Amelia is heading to the tiny island town of Alice to sell the owner of Island Books titles off Knightley Press’s winter list. She’s confident that she can talk him into buying some titles because tricky customers are her specialty. But when she meets him, he is unforgivably rude and buys nothing.
Unbeknownst to Amelia, AJ Fikry is grieving over the fairly recent death of his wife. He lives above the book shop, drinking himself into oblivion nearly every night, subsisting on frozen meals and just not caring about anything anymore. One morning when he’s gone out for a run to try and kickstart his health again he comes back to the store to see that someone has left him something: a little girl.

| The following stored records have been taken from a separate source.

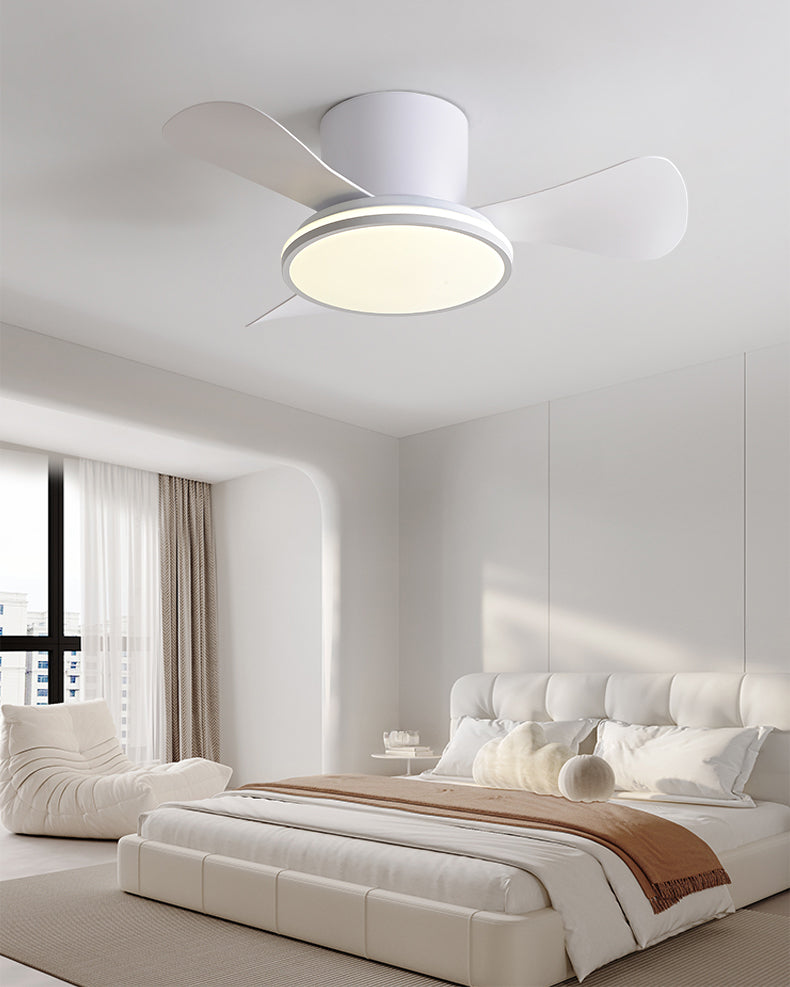 WOMO Small Low Profile Ceiling Fan Lamp - WM5166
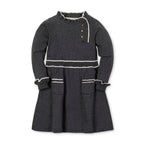 Organic Ruffle Trim Sweater Dress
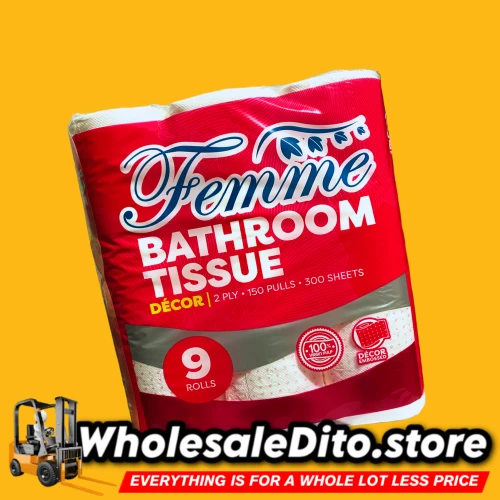 Buy Femme Decor Bathroom Tissue 2 Ply 9 Rolls at Wholesale Price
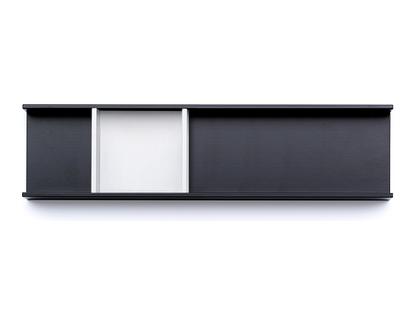Vide-poche Meterware Haut (5 cm) noir intense|Haut (4,5 cm) blanc signal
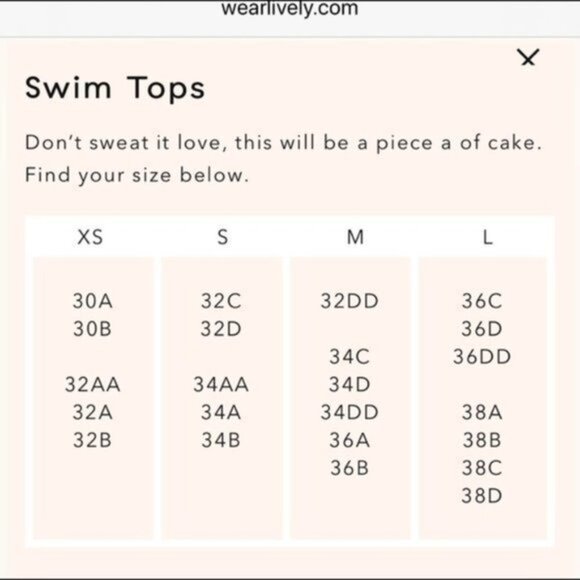 Lively Swim Top Navy Blue White Stripe M - Picture 2 of 7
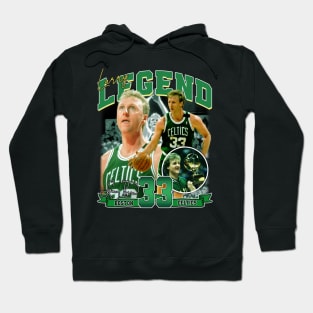 Larry Bird Legend Air Bird Basketball Signature Vintage Retro 80s 90s Bootleg Rap Style Hoodie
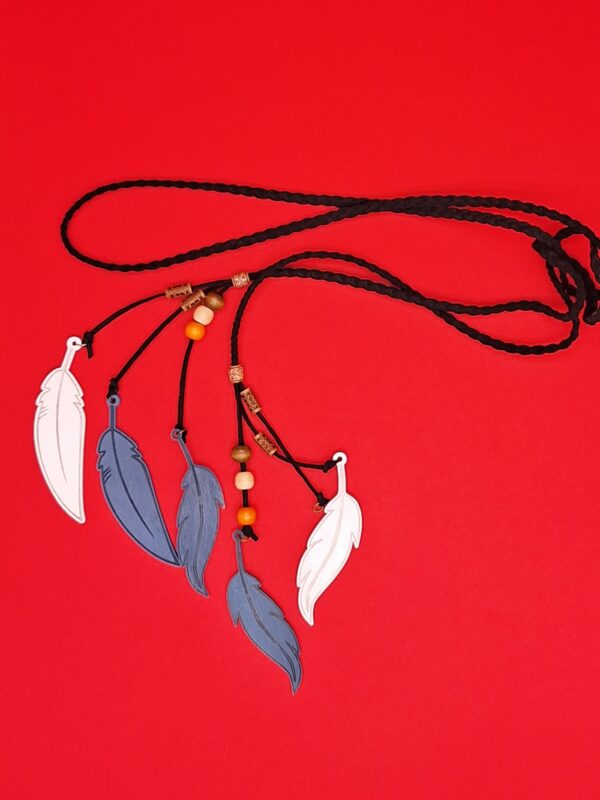 Boucles d’oreilles en forme de plume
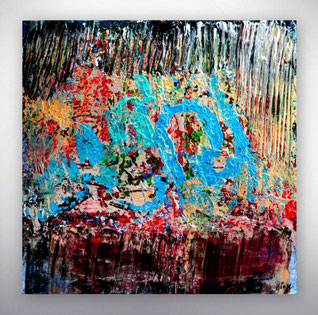 Abstrakte Gesichter, Portraits, modern, abstrakt, Menschen, figurative, Malerei, Gemälde, Bilder, Acryl, Großformat,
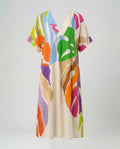 Damen Kaftan Midikleid Print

And so begins the story of AJ and his adopted daughter Maya. Maya is incredibly clever for her age (at the start of the book she’s just over 2) and thrives under the care of AJ who, knowing nothing about children, treats her like a small adult. I loved this about the book by the way. He used to hate stocking children’s books but when he gets tired of reading the same book to Maya, he decides to branch out and when he’s reading her a story about a pea that has to eat his vegetables in order to get dessert, he matter-of-factly explains to Maya that this is irony. A-dorable.
This is the kind of sad book that I love. One that’s completely honest about the ups and downs of life: AJ has to come to terms with the death of his wife, learn to put himself back out there; his sister-in-law has to realize for herself that her marriage may be over. When Maya is small the entire community comes by the bookstore to help him out, building a support network around them both that AJ didn’t know he wanted or needed.
Throughout the story are AJ’s notes to his daughter about the books that he’s loved, ones that he thinks she will love, that she should read and understand to help make her a better writer. It’s a love letter to books and reading, an affirmation that reading a good book and loving fiercely are among the best things in this world. Although the ending is sad, it’s also a beginning for the characters left standing, an ode to the resilience of human nature and the enduring power of the written word.
I loved this book and although I’m sad to return it to the library, I’m excited that this little book will have the chance to light up someone else’s world for a couple of days.